Introduction
Presently, traumatic brain injury (TBI) triage in field settings relies on symptom-based screening tools such as the updated Military Acute Concussion Evaluation. Objective eye-tracking may provide an alternative means of neurotrauma screening due to sensitivity to neurotrauma brain-health changes. Previously, the US Army Medical Research and Development Command Non-Invasive NeuroAssessment Devices (NINAD) Integrated Product Team identified 3 commercially available eye-tracking devices (SyncThink EYE-SYNC, Oculogica EyeBOX, NeuroKinetics IPAS) as meeting criteria toward being operationally effective in the detection of TBI in service members. We compared these devices to assess their relative performance in the classification of mild traumatic brain injury (mTBI) subjects versus normal healthy controls.
Materials and Methods
Participants 18 to 45 years of age were assigned to Acute mTBI, Chronic mTBI, or Control group per study criteria. Each completed a TBI assessment protocol with all 3 devices counterbalanced across participants. Acute mTBI participants were tested within 72 hours following injury whereas time since last injury for the Chronic mTBI group ranged from months to years. Discriminant analysis was undertaken to determine device classification performance in separating TBI subjects from controls. Area Under the Curves (AUCs) were calculated and used to compare the accuracy of device performance. Device-related factors including data quality, the need to repeat tests, and technical issues experienced were aggregated for reporting.
Results
A total of 63 participants were recruited as Acute mTBI subjects, 34 as Chronic mTBI subjects, and 119 participants without history of TBI as controls. To maximize outcomes, poorer quality data were excluded from analysis using specific criteria where possible. Final analysis utilized 49 (43 male/6 female, mean [x̅] age = 24.3 years, SD [s] = 5.1) Acute mTBI subjects, and 34 (33 male/1 female, x̅ age = 38.8 years, s = 3.9) Chronic mTBI subjects were age- and gender-matched as closely as possible with Control subjects. AUCs obtained with 80% of total dataset ranged from 0.690 to 0.950 for the Acute Group and from 0.753 to 0.811 for the Chronic mTBI group. Validation with the remaining 20% of dataset produced AUCs ranging from 0.600 to 0.750 for Acute mTBI group and 0.490 to 0.571 for the Chronic mTBI group.
Conclusions
Potential eye-tracking detection of mTBI, per training model outcomes, ranged from acceptable to excellent for the Acute mTBI group; however, it was less consistent for the Chronic mTBI group. The self-imposed targeted performance (AUC of 0.850) appears achievable, but further device improvements and research are necessary. Discriminant analysis models differed for the Acute versus Chronic mTBI groups, suggesting performance differences in eye-tracking.
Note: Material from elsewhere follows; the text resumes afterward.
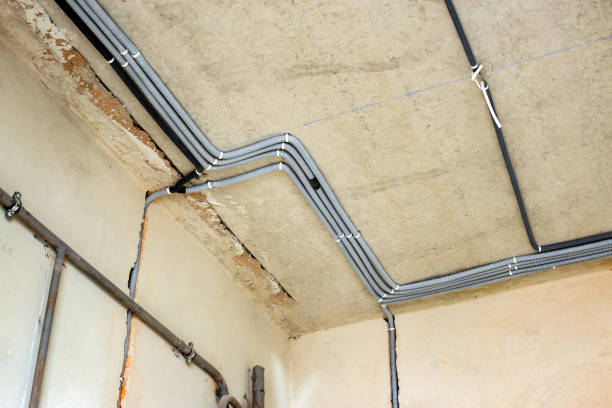 istock Electrical cables laid in protective corrugation installed on the ceiling and wall in a room under construction works. 1330680138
Although eye-tracking demonstrated sensitivity in the Chronic group, a more rigorous and/or longitudinal study design is required to evaluate this observation. mTBI injuries were not controlled for this study, potentially reducing eye-tracking assessment sensitivity. Overall, these findings indicate that while eye-tracking remains a viable means of mTBI screening, device-specific variability in data quality, length of testing, and ease of use must be addressed to achieve NINAD objectives and DoD implementation.